Bursa’nın Nilüfer ilçesine bağlı Tahtalı Mahallesi’nde kurulması planlanan beton santraline ilişkin Çevre, Şehircilik ve İklim Değişikliği Bakanlığı “ÇED gerekli değildir” kararına imza attı. Kararı protesto etmek için Tahtalı halkı soluğu, Çevre Şehircilik ve İklim Değişikliği İl Müdürlüğü önünde aldı. Bursa Barosu, Bursa Kent Konseyi Çevre Meclisi, Nilüfer Kent Konseyi Çevre Meclisi, DOĞADER ve Tahtalı Mahalle Komitesi’nin çağrısıyla yapılan basın açıklaması ile yöre halkının itirazları dile getirildi.
DOĞADER Başkanı Murat Demir, Tahtalı’nın son kalan ormanlık arazisinin beton santrali olarak kullanılmasına itiraz için burada olduklarını belirterek “Bu projenin bölgeye zarar vereceğini tüm yöre halkıyla dile getirdik. Muhtarımız, bizler çocuklar, kadınlar, gençler, yaşlılar ve bölgede yaşayan herkes bu projenin yanlış olduğunu, bölgeye zarar vereceğini, Tahtalı’nın doğasına, insanına, yaşamına zarar vereceğini çok kez söyledik. Bir şirket para kazanacak diye, bölge insanı bunları hak etmiyor.” dedi.

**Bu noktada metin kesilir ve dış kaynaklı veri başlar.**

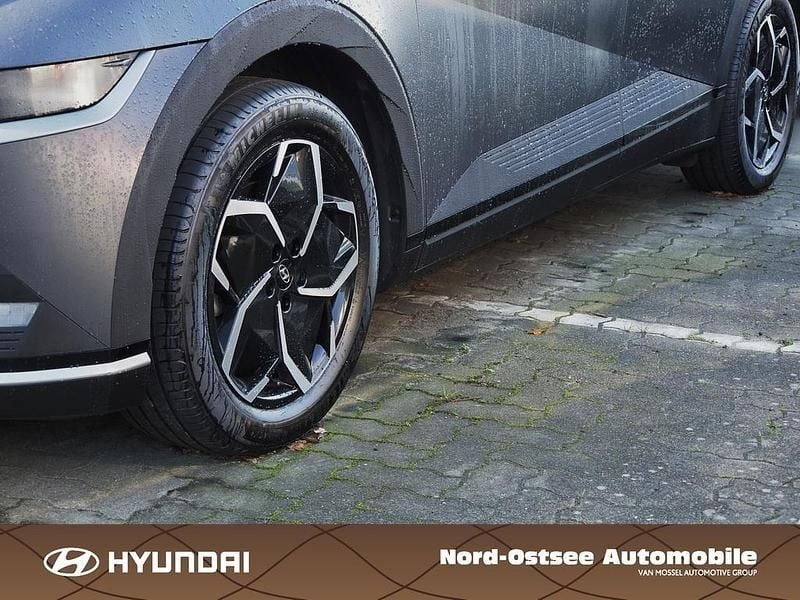 Gebraucht Hyundai Ioniq Dynamiq 125 kW (170 PS) 2023 Shooting star / mat Kleinwagen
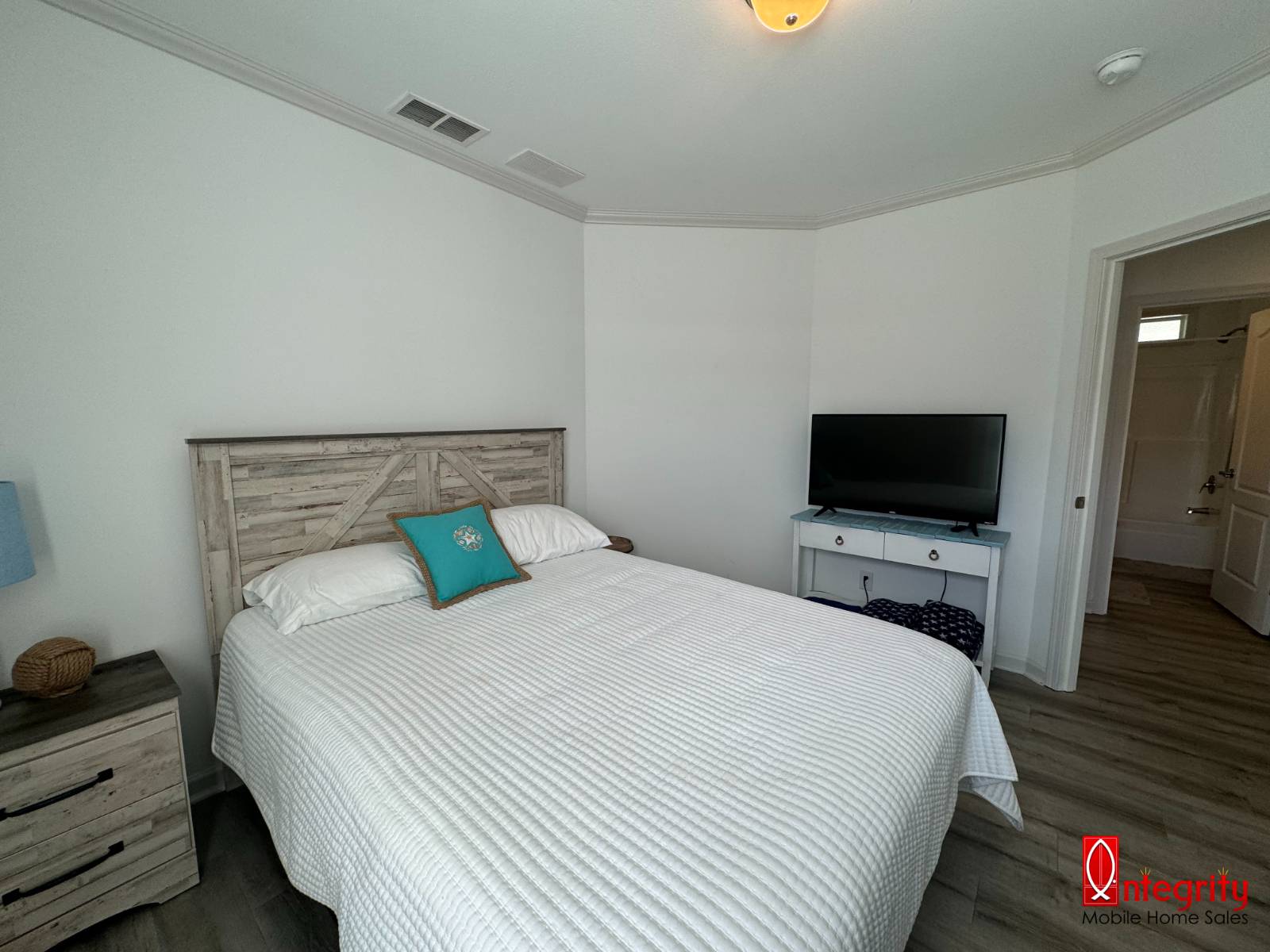 3615 Baldwin Way, Ellenton, Florida 34222, 2 Bedrooms Bedrooms, ,2 BathroomsBathrooms,55-Plus Mobile Home,For Sale,Baldwin Way,5087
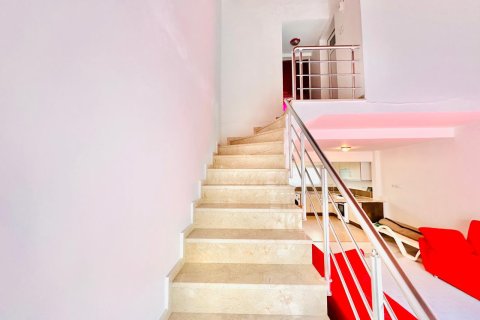 2+1 Villa i Kusadasi, Aydin, Tyrkiet Nr. 215726 - 11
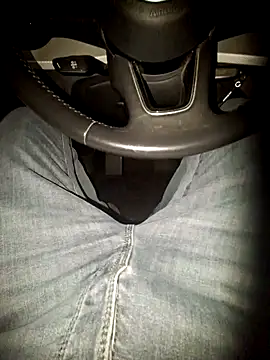 Nzino1983 online show from March 19, 2026, 6:01 pm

Kurulmak istenen bölgenin üst kısımlarının taş ve maden ocaklarıyla köstebek yuvasına döndüğünü ifade eden Demir, Nilüfer 30 Ağustos Mahallesi’nde daha 3 gün önce mahalle halkının kirli hava nedeniyle acillik olduğuna dikkat çekerek Nilüfer’i kirletecek bir çalışmaya izin vermeyeceklerini söyledi.
“Benim köyüme yazık değil mi?”
Tahtalı Muhtarı Hüseyin Kahya, “Benim mahallem yerleşim yeridir. Önü ovadır, arkası dağdır. Biz çevre köylerle bir yol açmak istedik, Anıtlar Kurulu ve Orman Bölge Müdürlüğü izin vermedi, bir yıl uğraştırdı bizi. Ama şimdi bu projeye nasıl izin alınabiliyor. Zengine geç deniliyor, fakire de sen dur. Benim köyüme yazık değil mi?” dedi.

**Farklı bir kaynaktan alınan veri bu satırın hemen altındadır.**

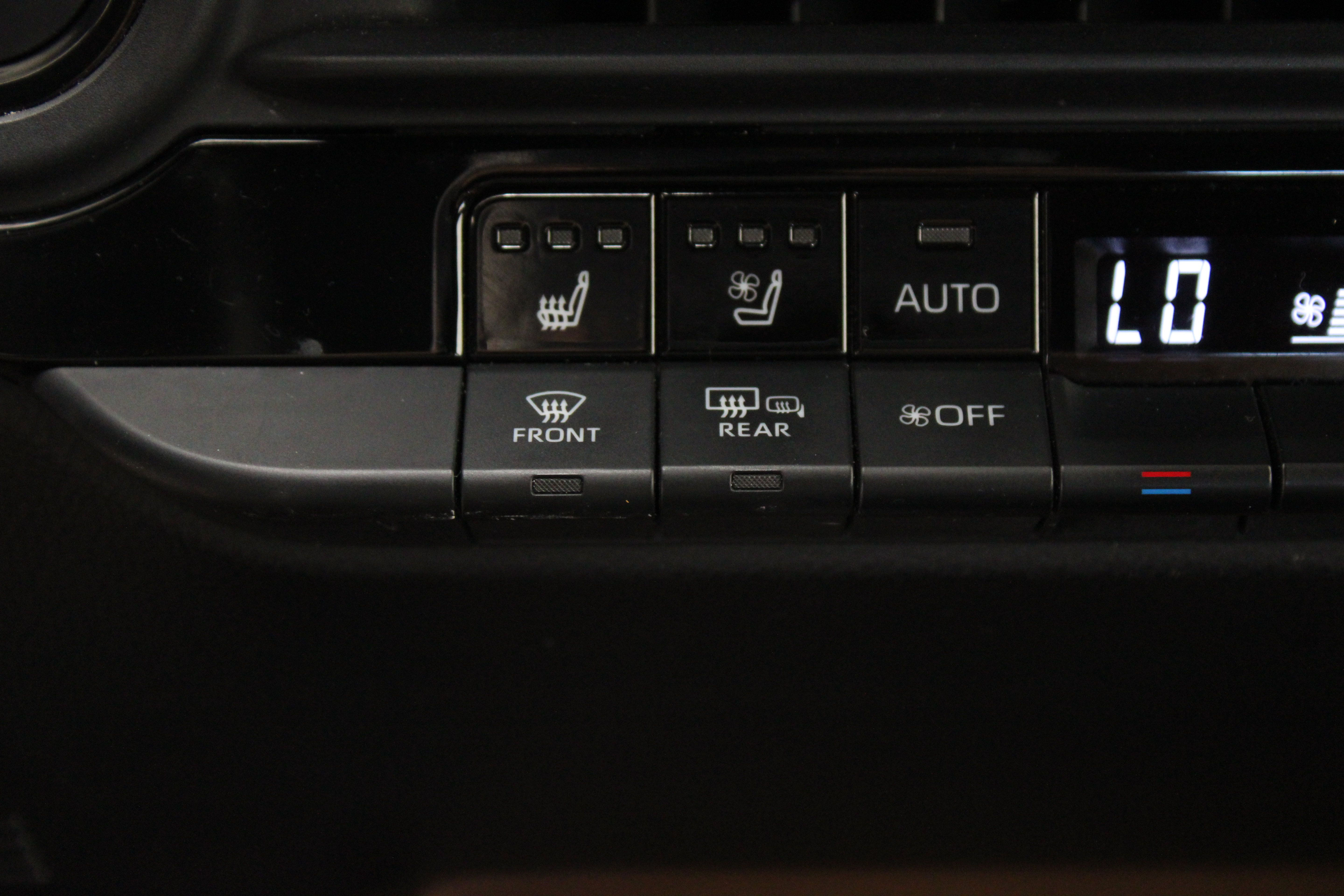 Used 2025 Toyota Crown w/ Advanced Technology Package AWD/4WD image 21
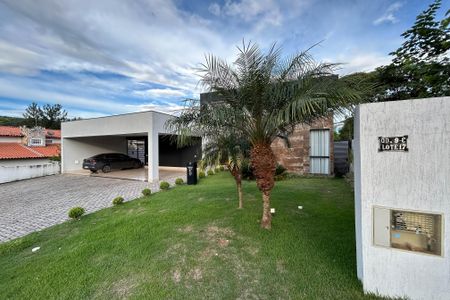 Casa de condomínio para alugar com 370m², 4 quartos e 6 vagasFachada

“Bölge halkının istemediği bir durum var ortada. Ormanın ortasında bir beton santrali söz konusu. Elimizden geldiğince, son noktaya kadar mücadelemizi sürdüreceğiz.” diyen Nilüfer Kent Konseyi (NKK) Başkanı Mustafa Berkay Aydın, Bursalıları bölgeyi incelemeye davet etti. “Tahtalı’ya gelip baksınlar, kurulmak istenilen alanı incelesinler, Tahtalı halkının itirazlarını anlayacaklardır” diyen Aydın, NKK olarak Tahtalı halkının yanlarında olduğunu belirtti.
Bursa Kent Konseyi (BKK) Başkanı Ertuğrul Aksoy, toprağını, havasını, suyunu sahiplenen, korumak için mücadele eden Tahtalı halkına teşekkür ederek sözlerine başladı. ÇED sürecinin aynı zamanda hangi önlemler alınması gerektiğinin taahhüdünü verdiğini ancak bu süreçlerin hiçbir zaman yürütülemediğini belirten Aksoy, “Tarım topraklarımızı, temiz sularımızla sulayarak nitelikli, kaliteli, sağlıklı ürünler yetiştirip Bursalıları, Türkiye'yi beslememiz gerekir. Bunu yapmamız gerekirken biz topraklarımız, suyumuz, temiz havamız için mücadele ediyoruz. Yeter artık.” dedi.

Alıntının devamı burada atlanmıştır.